For Your Typographic
In Part one of FYTI: Captions, we talked about the best ways to choose and set fonts for these small but eye-catching slices of descriptive text. Almost always, captions are small, so choosing a typeface to set captions means choosing a face that works well at small sizes. Some typefaces hold up very well when set small for captions, but others do not: thin strokes start to disappear, counters fill in (especially with bold weights), and design details that add visual interest at large settings suddenly become a deterrent to legibility when reduced to very small sizes. For a foolproof solution, consider using caption fonts. Usually part of a complete typeface family, caption fonts are special designs that have been reworked to hold up better at smaller sizes, most often in the 6-9 point range. Adjustments can include:
• reduced weight contrast (resulting in sturdier thin strokes and serifs)
• larger x-heights
• more-open counters
• more-open letter spacing
Typefaces families that include caption fonts with the characteristics described above include Chaparral, Cronos, Adobe Jenson Pro, Kepler, Utopia and Warnock Pro (see illustration).

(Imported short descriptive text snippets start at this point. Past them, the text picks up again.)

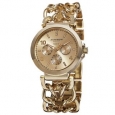 Akribos XXIV Women's Quartz Diamond Dial Chain Link Gold-Tone Bracelet Watch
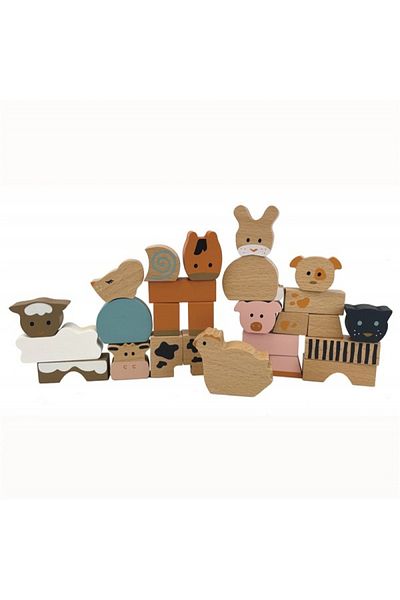 Egmont Toys Animale cubice din lemn, jucării Egmont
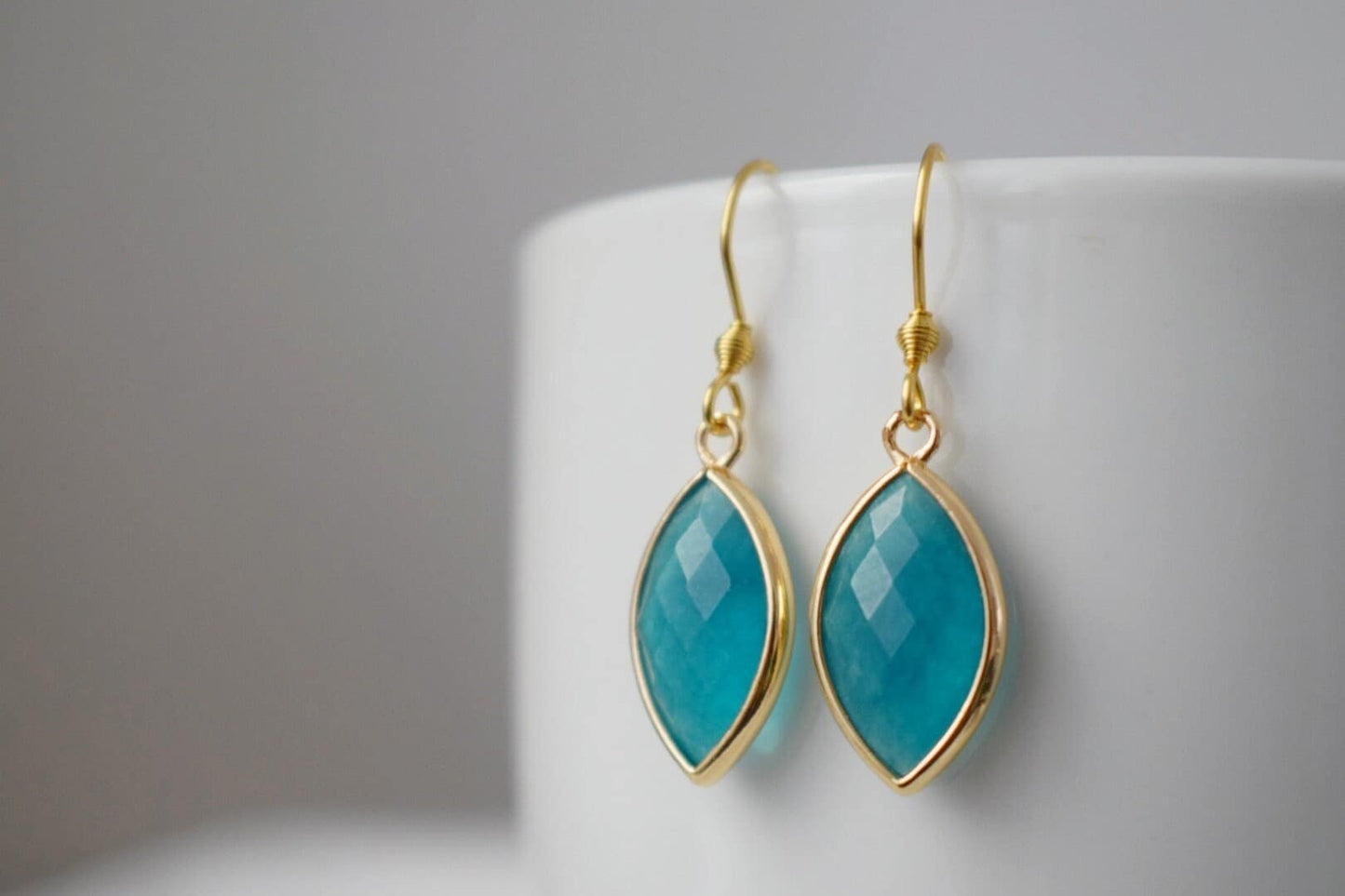 Aquamarine jade earrings, Faceted gemstone earrings, Blue gold dangle earrings, Horse eye, Stone hanging earrings, Jade gold jewelry gift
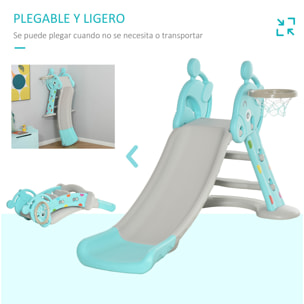 Tobogán para Niños +18 Meses Plegable con Canasta de Baloncesto Modelo Jirafa Juguete Infantil para Interiores y Exteriores 147x82x85,5 cm Azul y Gris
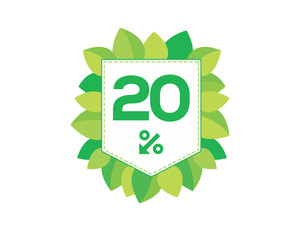 Green price tag label with 20% text designed with an arrow percent icon and stitches on it with leaves isolated on white background. For spring sale campaign.
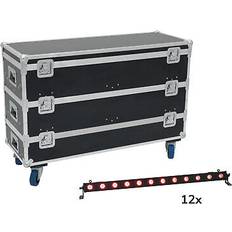 Eurolite set 12x led bar-12 qcl rgb uv leiste case mit rollen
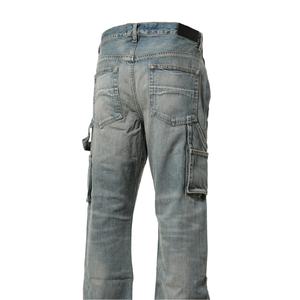 Custom Manufacturer Streetwear Ripped Distressed Baggy Double Knee Straight Blue Denim <b>Carpenter</b> Cargo Jeans <b>Pants</b> <b>Men</b> - Product Image 5
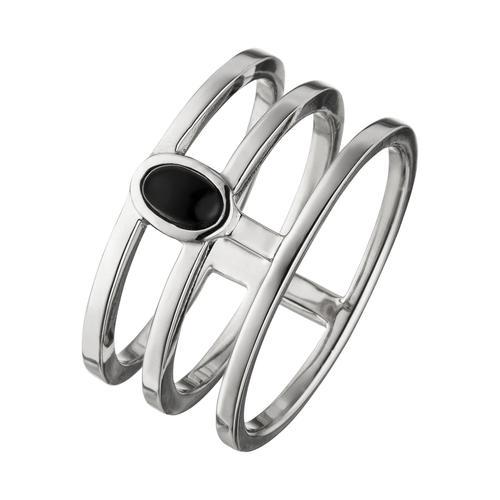 Silberring JOBO Fingerringe Gr. 62, Silber 925 (Sterlingsilber), silberfarben (silber 925, schwarz) Damen 3-reihig 925 Silber mit Onyx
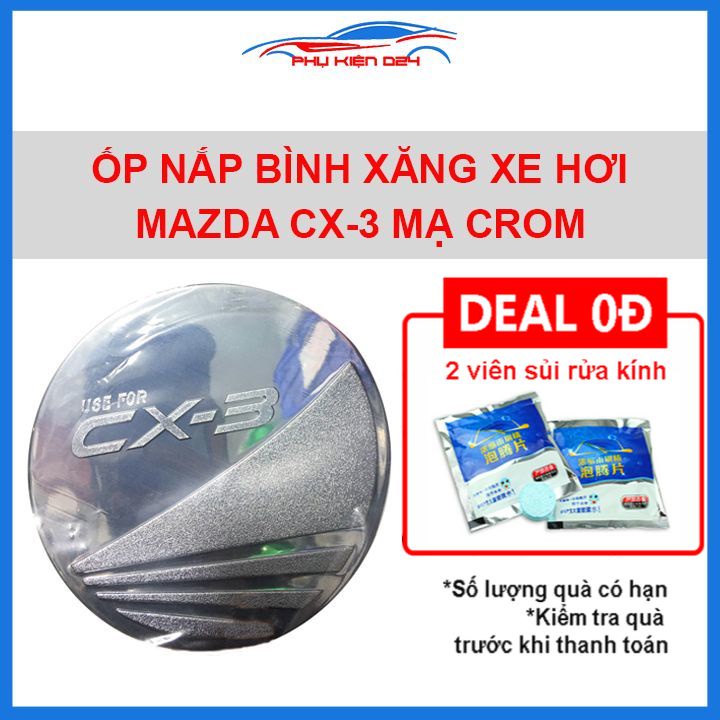 Ốp nắp xăng Mazda CX-3 CX3 mạ crom chống trầy trang trí ô tô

Some foundries design (or name) caption fonts a bit differently. For example, the Fairfield family’s caption fonts are slightly angled, a cross between the Roman design and its italic counterpart (see illustration). ITC Bodoni Six is a size-specific design intended for captions and other small text, but it’s identified by a point size descriptor rather than the word caption in the name (see illustration). The family also includes Bodoni Twelve and Bodoni Seventy-Two. Other typeface families use the heading “optical sizes” to describe variations suited for use at specific point sizes.
Whichever font you decide to you use, the principles of good design remain the same – contrast, harmony and legibility are the keys to setting effective captions.